A bad candidate…is either abrupt and won’t meet the eyes of their interviewer, or is too chatty and overshares. Not only do they forget to switch off their phone, but they might even answer it during the interview! They either respond to questions in monosyllables, or, at the other end of the spectrum, will launch into a five-minute monologue about their drinking habits when asked about their weekend.
A good candidate…strikes the right balance of being friendly and polite, and keeps the conversation work-appropriate and fluid. They answer questions with enthusiasm and offer concrete examples when asked about their skills and experience. A recruiter knows that a candidate with this balance is likely to be a good fit for any company culture.
A bad candidate…turns up late, disorganised and flustered, and then rants about what made them late in the first place. They didn’t call ahead to let the recruiter know – because they didn’t think to bring the contact details along – and they forgot their CV and references at home too. These are all huge red flags for recruiters, who value reliability in potential employees.
A good candidate…will do everything in their power to arrive on time; planning ahead by mapping out the route and having contingency plans in case of the unexpected. Recruiters value people who actively anticipate, avoid and mitigate problems, and a prompt and well-prepared candidate is likely to be a reliable and organised employee.
A bad candidate…doesn’t do their homework about the company they are applying to. When they are asked why they want to work for the company, they won’t have a good answer because they didn’t research the organisation beforehand.
A good candidate…has more than just a basic knowledge of the company. They’ve taken the time to read up on the business, their history and their industry. What are the company’s values?

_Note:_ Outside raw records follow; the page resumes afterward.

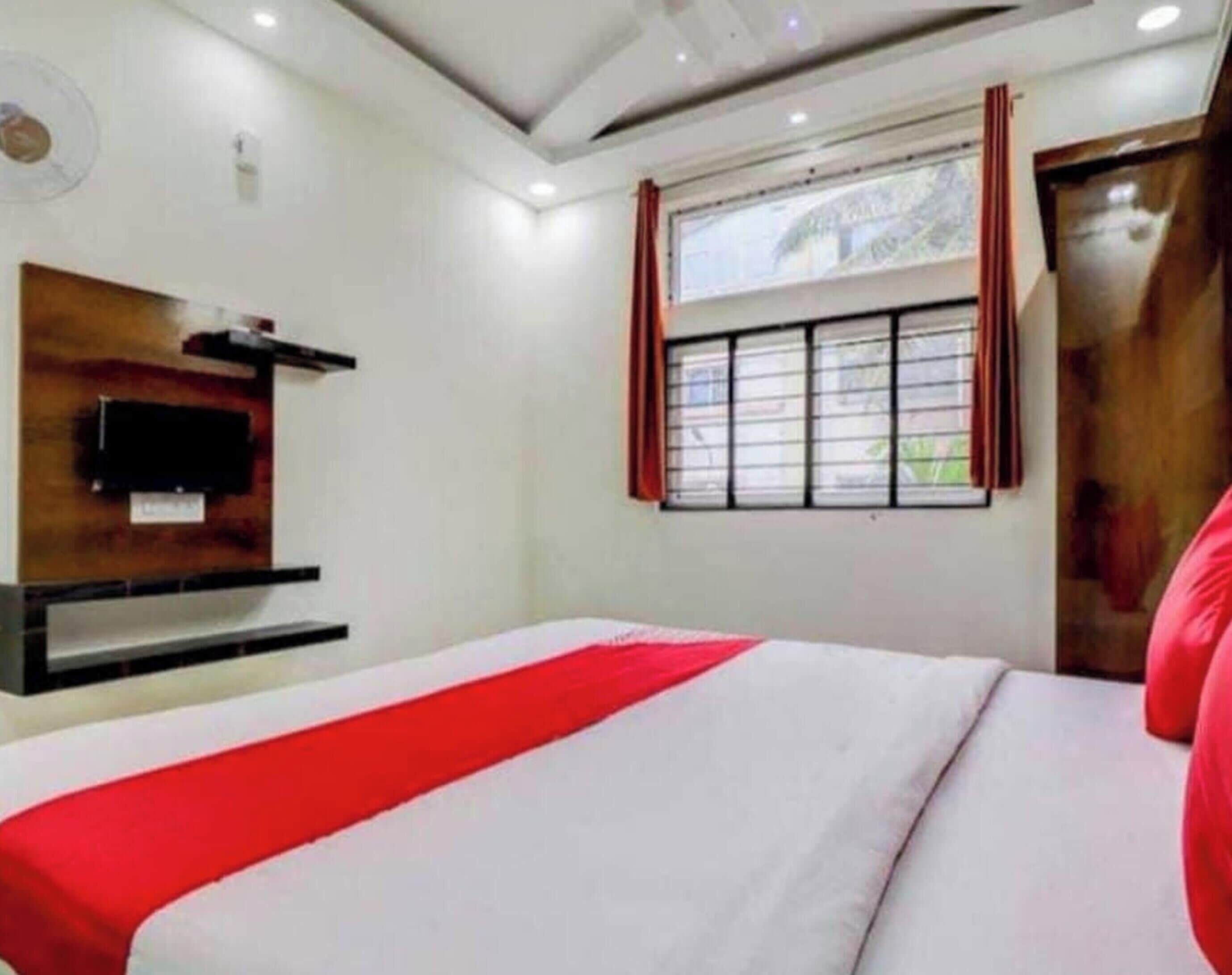 A hotel room with a bed, a TV mounted on the wall, and a window with curtains.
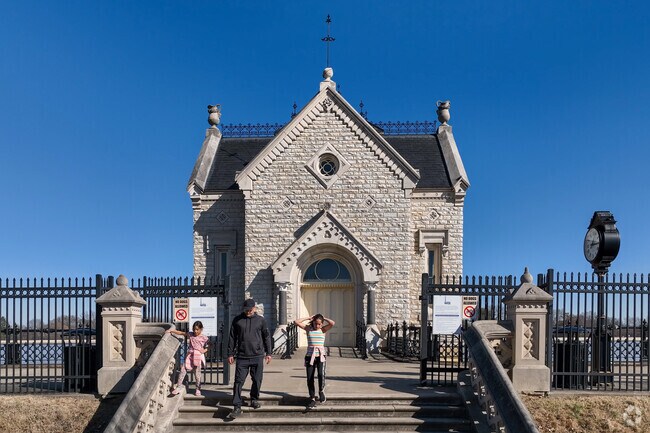 Families enjoy a stroll around the Crescent Hill Gatehouse and Reservoir near Rolling Fields.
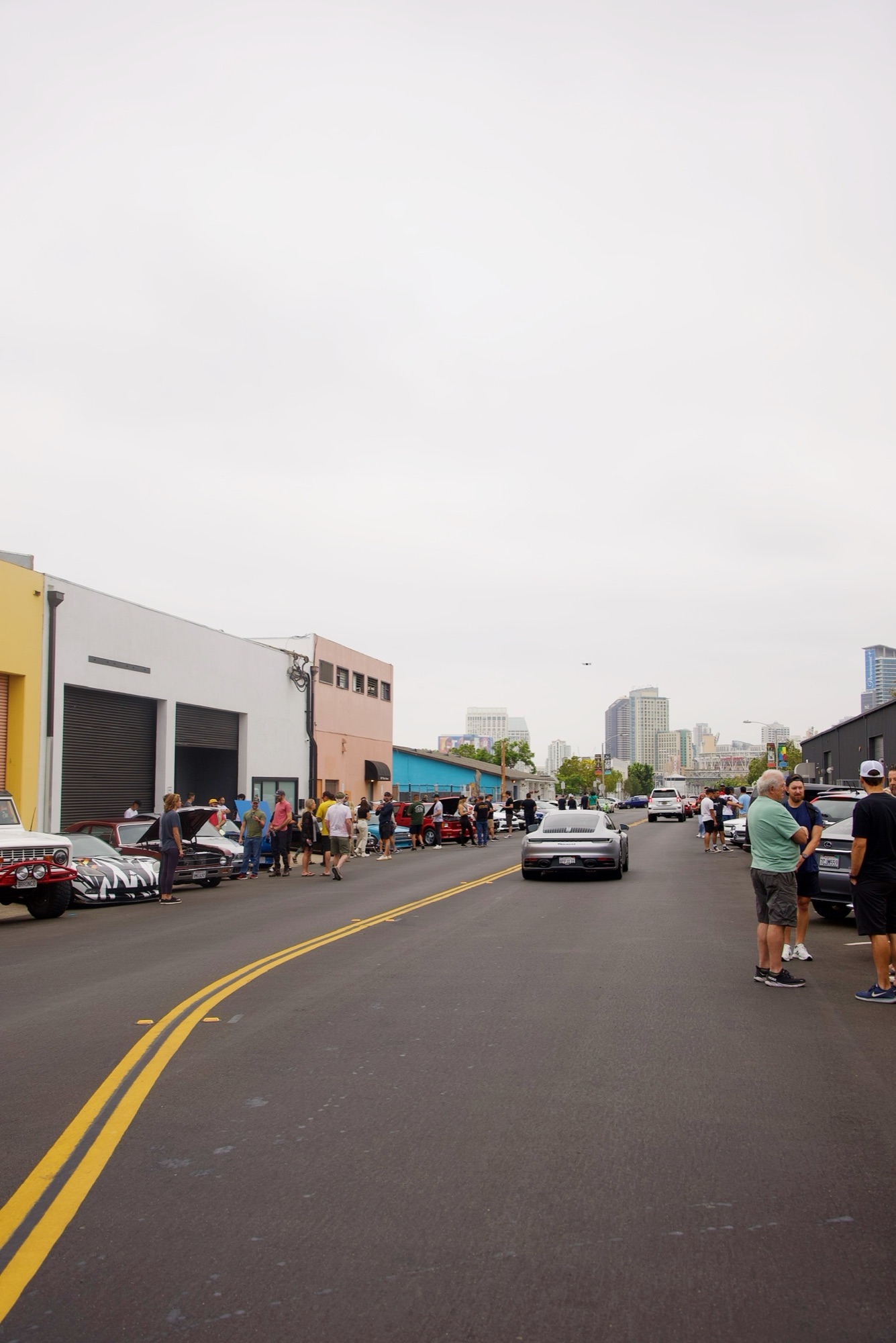 Urban cars-and-coffee with city skyline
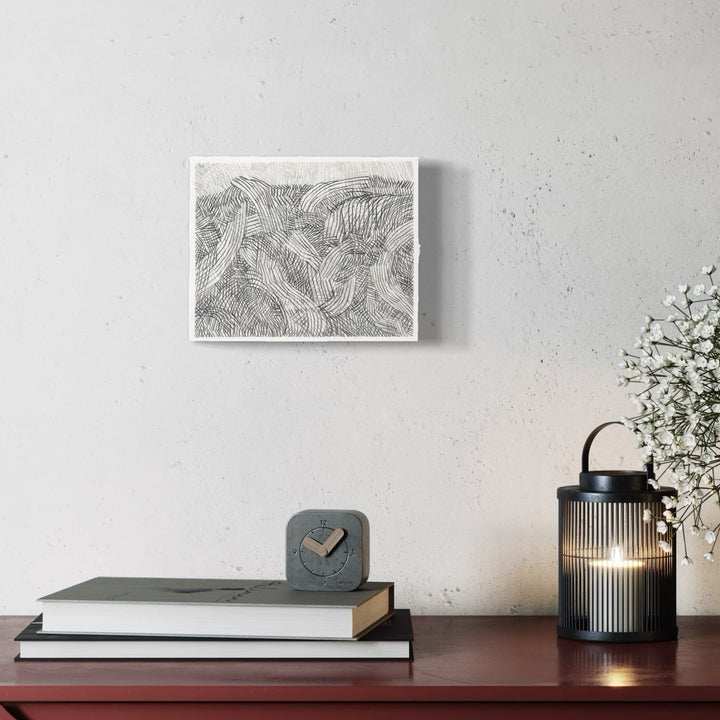 A photo of the artwork Over Under 3, by Zoe Cohen, hanging on a wall.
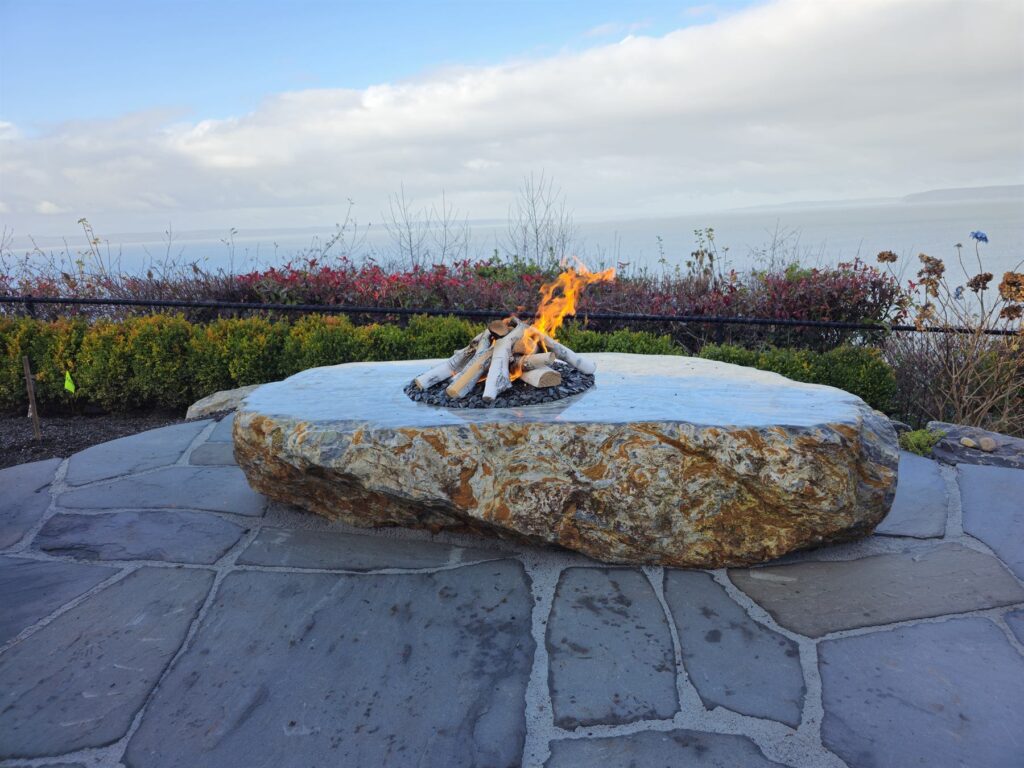 Natural granite boulder carved into a gas fire feature on a flagstone patio overlooking Puget Sound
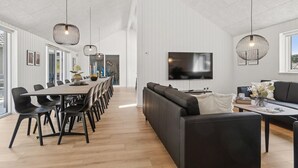 A modern living room with a large TV, black sofas, and a dining area with a long table and chairs. - Gorgeous home in Glesborg with sauna (Glesborg)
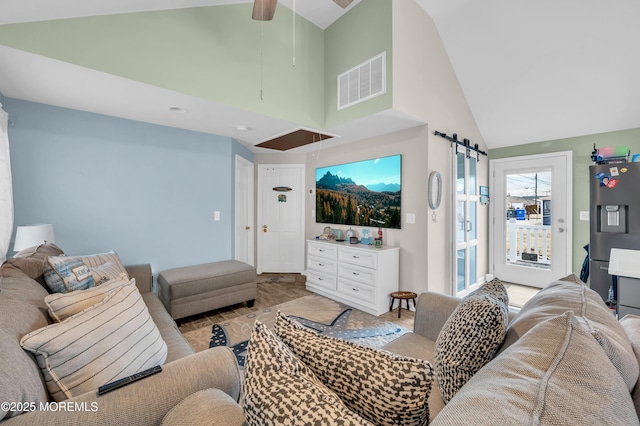 living room featuring ceiling fan, a barn door, and high vaulted ceiling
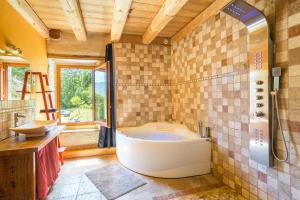 a large bathroom with a tub and a shower at Les Esseroliettes in Arith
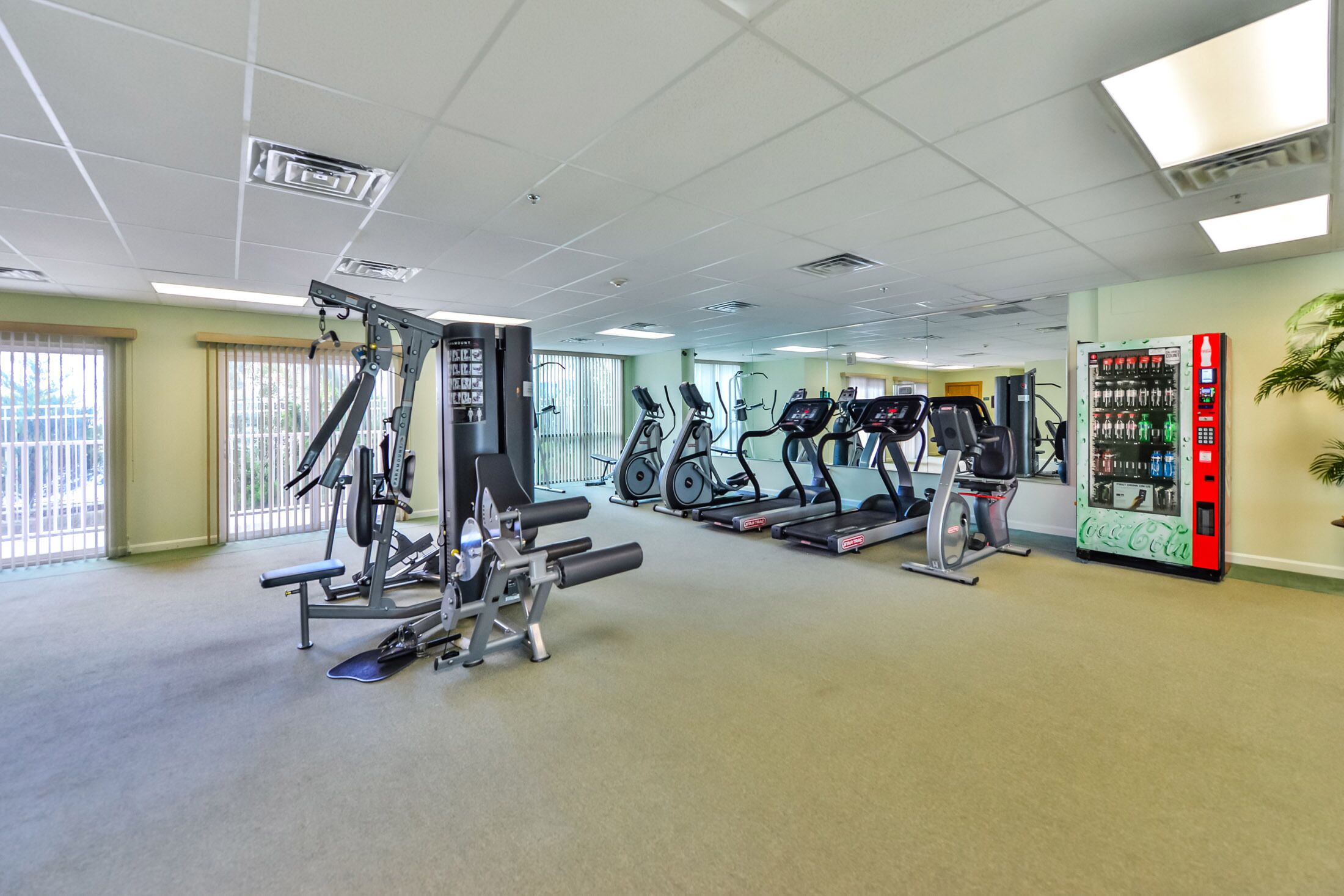 Une salle de sport équipée de divers appareils d’exercice, notamment des tapis de course et des appareils de musculation, ainsi qu’un distributeur automatique.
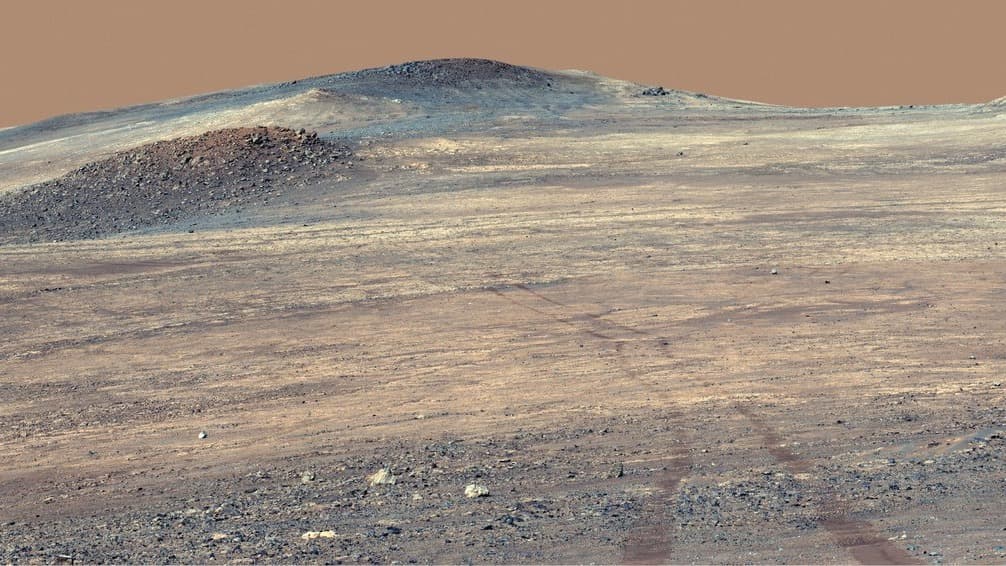 Wide view across a pale, dust-covered Martian slope, with a broad band of bright, light-toned rock running from the left of the frame to the right beneath darker, rubbly ridges, and faint rover wheel tracks curving down the slope in the foreground.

What are the company’s goals? A tailored answer to the question of why they want to work at this company will show that they have a real interest in the business, and not just looking for any job.
A bad candidate…has a sub-standard CV and cover letter, riddled with typos and sloppy grammar, or with inaccurate information, such as the wrong employment dates or exaggerated experience. A recruiter will assume that they are incompetent or too arrogant to have someone double-check their application.
A good candidate….isn’t too proud to have someone look over their application before they send it off. They know that a CV is the first opportunity to make a good impression – it takes a recruiter only two minutes to decide whether a CV makes the cut – so they make sure it’s perfect. They know better to exaggerate their skills and experience, knowing that this will most likely backfire.
A bad candidate…brags about their achievements without crediting their teammates, or when asked how they’ve dealt with making a bad decision, say they never have. Instead of thinking they have the perfect candidate on their hands, the recruiter will wonder how they deal with setbacks on a day-to-day basis. And a bad candidate won’t hesitate to criticise their former employer when asked about their previous employment.
A good candidate…knows that recognising weaknesses and being willing to work on them is key to self-development, and will provide an example of a bad decision they learnt from. They also realise that being a good leader is also about being a good team player, as recruiters are looking for people that can fit into a team culture. And when asked, will only have good things to say about their former employer, knowing that loyalty and discretion is valued by recruiters.